Research Interest: Neurodegenerative diseases like Alzheimer’s disease significantly impact human quality of life. Despite the dedication of countless scientists, there is still a lot we don’t know about what happens in Alzheimer’s disease and how to stop or reverse its effects on the brain. The Moulton Lab is dedicated to tackling these questions. Specifically, the Moulton Lab studies the role of lipid droplets in glial cells in the brain which accumulate in disease. Their research focuses on mimicking the nuances of human disease as closely as possible by inserting human genes into their model system, Drosophila melanogaster. This way, they can directly study the impact of mutations in human genes on glial lipid droplet formation and neurodegeneration. The Moulton Lab hopes to contribute to finding better therapies for treating and preventing Alzheimer’s disease.
Joshua Lillvis, PhD
Hometown: Ashtabula, Ohio
Training History: Bachelors, Ohio State University. PhD, Georgia State University. Postdoctoral fellowship, The Research Institute of Molecular Pathology & Janelia Research Campus.

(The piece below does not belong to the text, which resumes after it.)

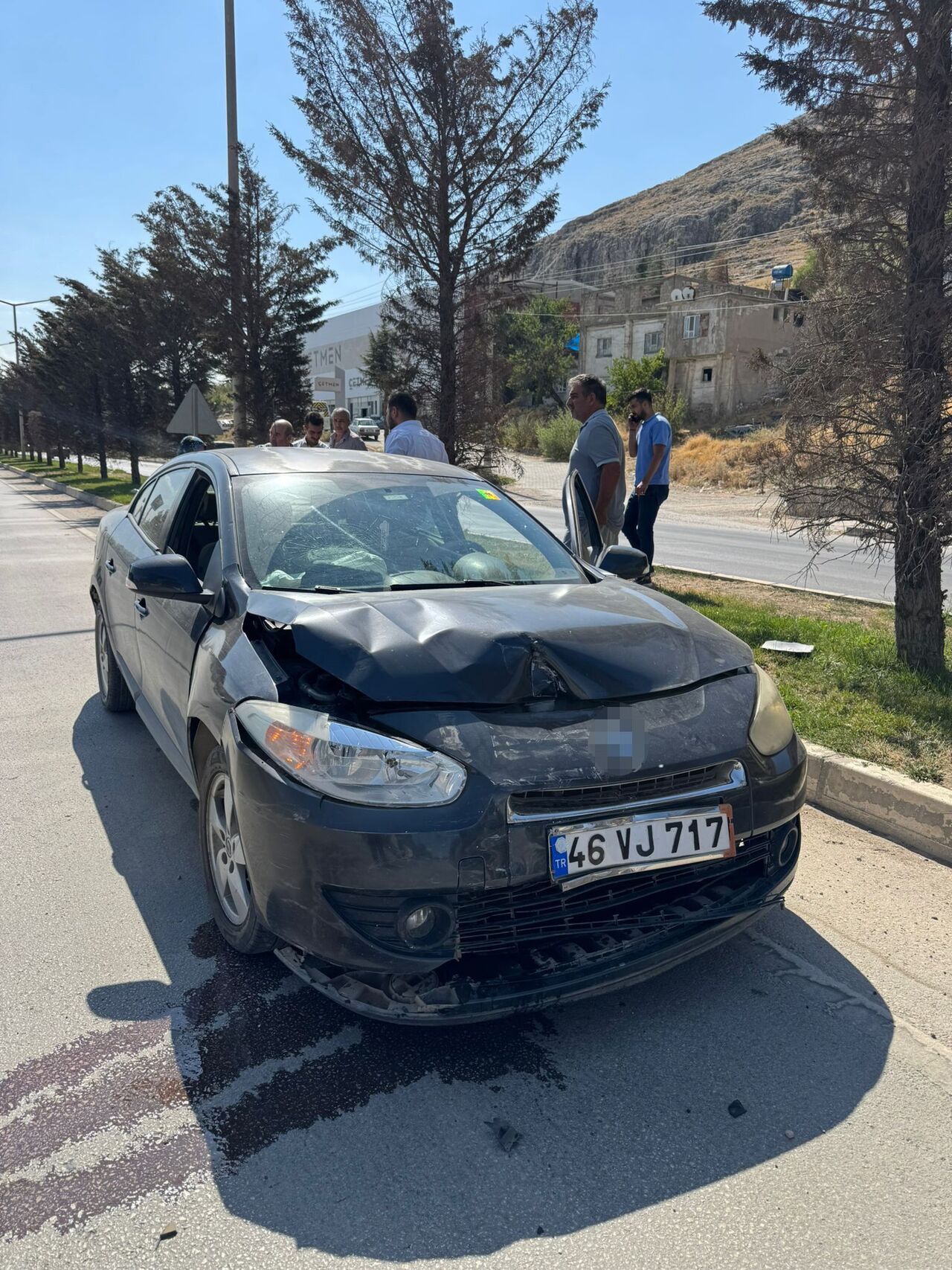 Kahramanmaraş’ta Zincirleme Kaza 3 Araç Birbirine Girdi (4)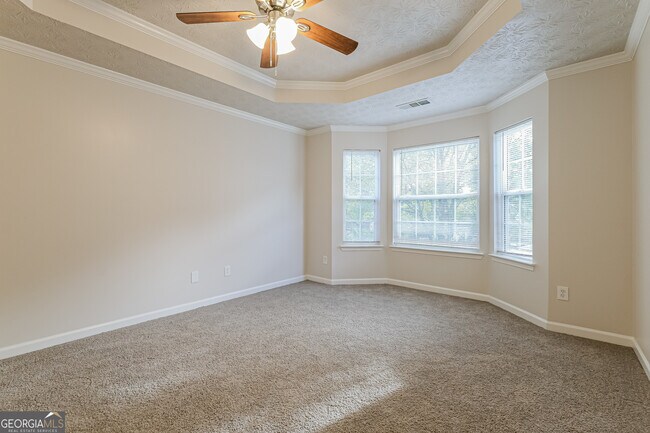 Building Photo - 2000 Redwood Trace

Key Words: behavior, neuroscience, genetics, neural circuits, individual variation, physiology, evolution
Research Tools: Drosophila (different species), gene editing, optogenetics, live calcium imaging, expansion microscopy, behavioral analysis, electrophysiology
Broader Impact: learning about the neural basis of behavior and understanding the evolution of brain structure and behavior
Favorite thing about being an Aggie: the people!
Research Interest: The Lillvis Lab is dedicated to understanding the genetic and neurobiological determinants of behavior variation across individuals and species. It is well known that individuals within the same species and across different species can react in distinct ways to identical stimuli, but we know very little about where this behavior variation comes from in the nervous system. The Lillvis Lab uses cutting-edge research tools to identify variations in genetics and neurobiology that are linked to behavior variability between individuals and closely related species. Specifically, they leverage the powerful experimental toolkit available in Drosophila melanogaster to learn how variations in the structure, physiology, and function of neural networks give rise to variations in courtship song behaviors. Because the principles of nervous systems are largely conserved between flies and humans, the Lillvis Lab’s research will teach us more about what it means to be human and why we are the way we are (the “neural basis of behavior”).
If you see these new faculty members around, be sure to say howdy! These labs are all actively recruiting new lab members, so check out their research and consider getting involved in their work at the ground floor.